• **Your goal**
Leave the pictures out and transcribe every record exactly.
● ● ● ● ●
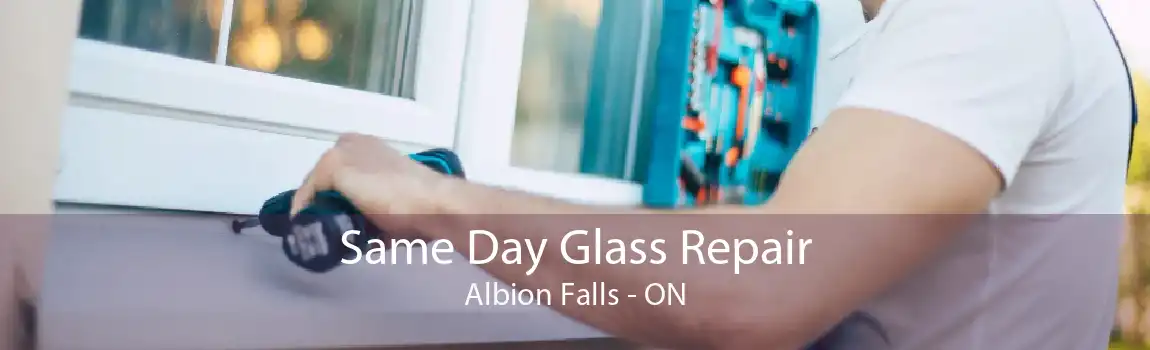 Same Day Glass Repair Albion Falls - ON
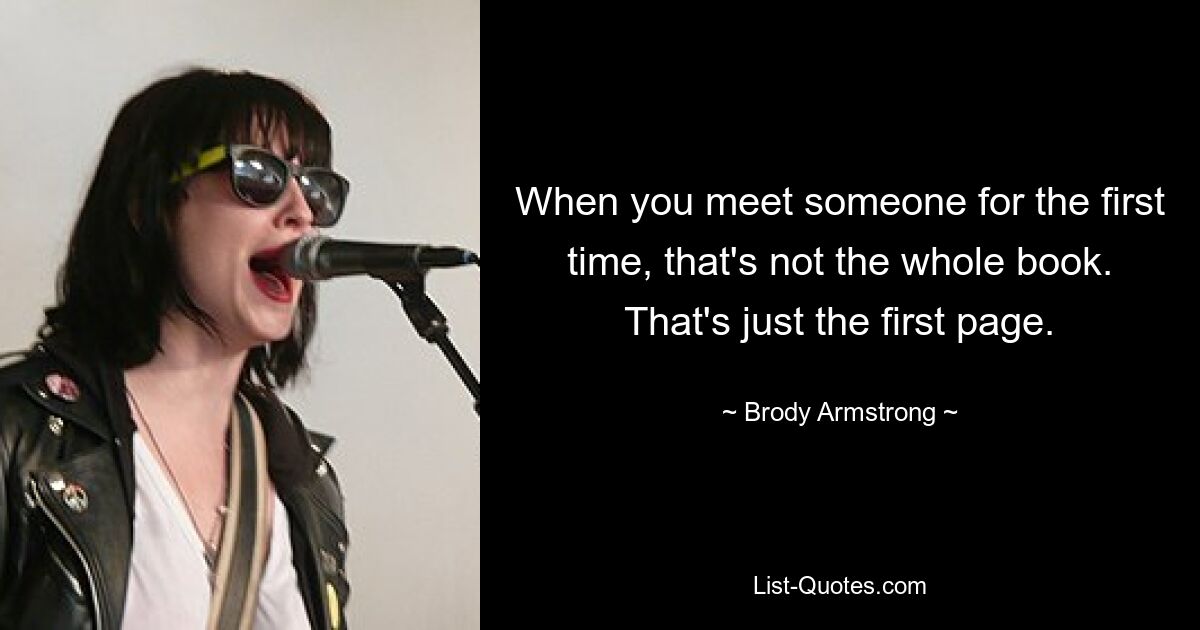 When you meet someone for the first time, that's not the whole book. That's just the first page. — © Brody Armstrong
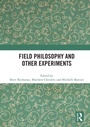 Cover: Field Philosophy and Other Experiments - Routledge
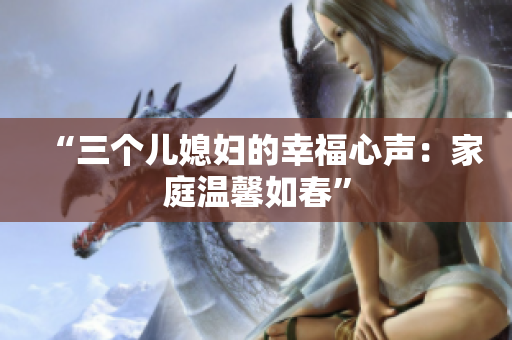 “三個(gè)兒媳婦的幸福心聲：家庭溫馨如春”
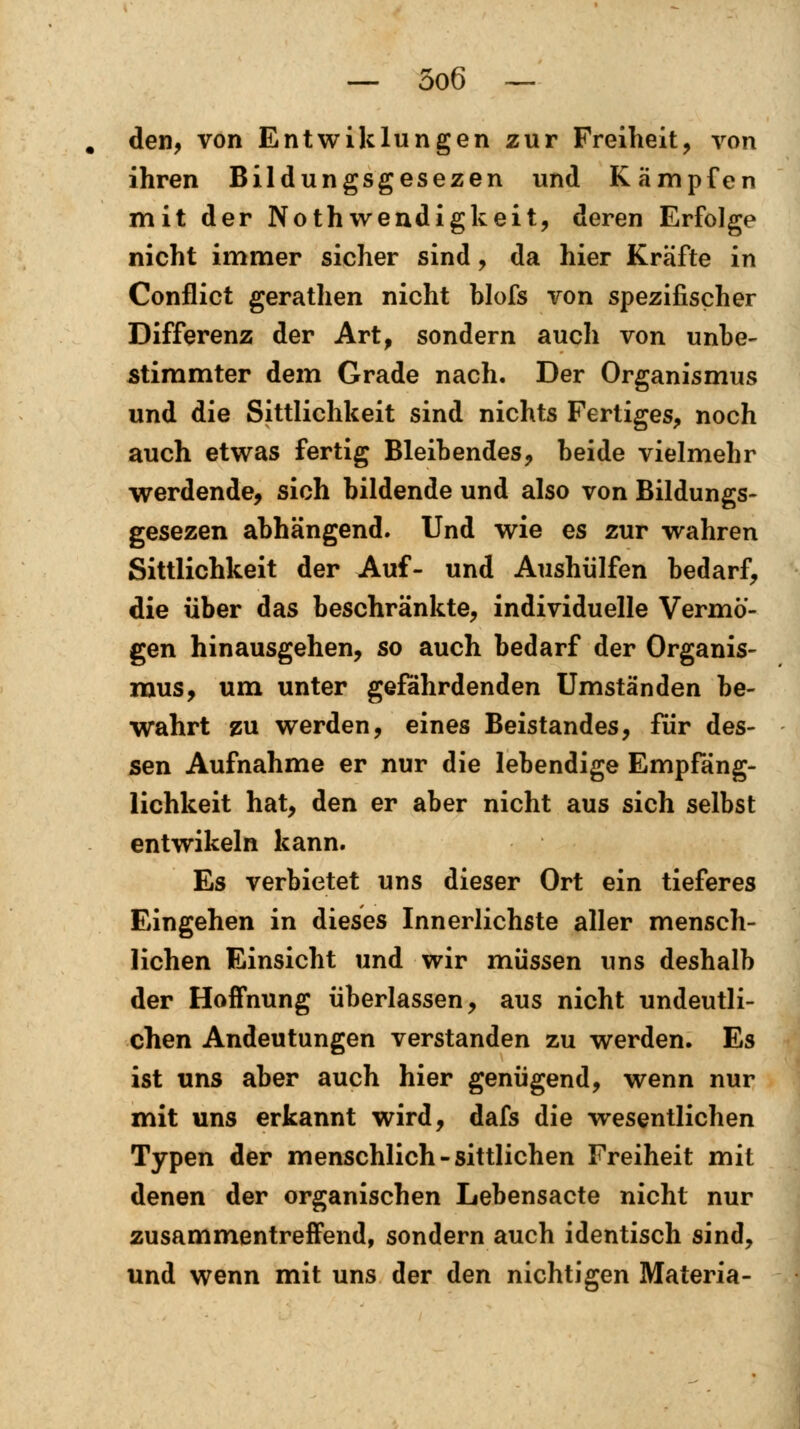 den, von Entwiklungen zur Freiheit, von ihren Bildungsgesezen und Kämpfen mit der Notwendigkeit, deren Erfolge nicht immer sicher sind, da hier Kräfte in Conflict gerathen nicht blofs von spezifischer Differenz der Art, sondern auch von unbe- stimmter dem Grade nach. Der Organismus und die Sittlichkeit sind nichts Fertiges, noch auch etwas fertig Bleibendes, beide vielmehr werdende, sich bildende und also von Bildungs- gesezen abhängend. Und wie es zur wahren Sittlichkeit der Auf- und Aushülfen bedarf, die über das beschränkte, individuelle Vermö- gen hinausgehen, so auch bedarf der Organis- mus, um unter gefährdenden Umständen be- wahrt zu werden, eines Beistandes, für des- sen Aufnahme er nur die lebendige Empfäng- lichkeit hat, den er aber nicht aus sich selbst entwikeln kann. Es verbietet uns dieser Ort ein tieferes Eingehen in dieses Innerlichste aller mensch- lichen Einsicht und wir müssen uns deshalb der Hoffnung überlassen, aus nicht undeutli- chen Andeutungen verstanden zu werden. Es ist uns aber auch hier genügend, wenn nur mit uns erkannt wird, dafs die wesentlichen Typen der menschlich-sittlichen Freiheit mit denen der organischen Lebensacte nicht nur zusammentreffend, sondern auch identisch sind, und wenn mit uns der den nichtigen Materia-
● ● ● ● ●
• **Answer box**
 Same Day Glass Repair Albion Falls - ON
 When you meet someone for the first time, that's not the whole book. That's just the first page. — © Brody Armstrong
 Cover: Field Philosophy and Other Experiments - Routledge
 “三個(gè)兒媳婦的幸福心聲：家庭溫馨如春”
 den, von Entwiklungen zur Freiheit, von ihren Bildungsgesezen und Kämpfen mit der Notwendigkeit, deren Erfolge nicht immer sicher sind, da hier Kräfte in Conflict gerathen nicht blofs von spezifischer Differenz der Art, sondern auch von unbe- stimmter dem Grade nach. Der Organismus und die Sittlichkeit sind nichts Fertiges, noch auch etwas fertig Bleibendes, beide vielmehr werdende, sich bildende und also von Bildungs- gesezen abhängend. Und wie es zur wahren Sittlichkeit der Auf- und Aushülfen bedarf, die über das beschränkte, individuelle Vermö- gen hinausgehen, so auch bedarf der Organis- mus, um unter gefährdenden Umständen be- wahrt zu werden, eines Beistandes, für des- sen Aufnahme er nur die lebendige Empfäng- lichkeit hat, den er aber nicht aus sich selbst entwikeln kann. Es verbietet uns dieser Ort ein tieferes Eingehen in dieses Innerlichste aller mensch- lichen Einsicht und wir müssen uns deshalb der Hoffnung überlassen, aus nicht undeutli- chen Andeutungen verstanden zu werden. Es ist uns aber auch hier genügend, wenn nur mit uns erkannt wird, dafs die wesentlichen Typen der menschlich-sittlichen Freiheit mit denen der organischen Lebensacte nicht nur zusammentreffend, sondern auch identisch sind, und wenn mit uns der den nichtigen Materia-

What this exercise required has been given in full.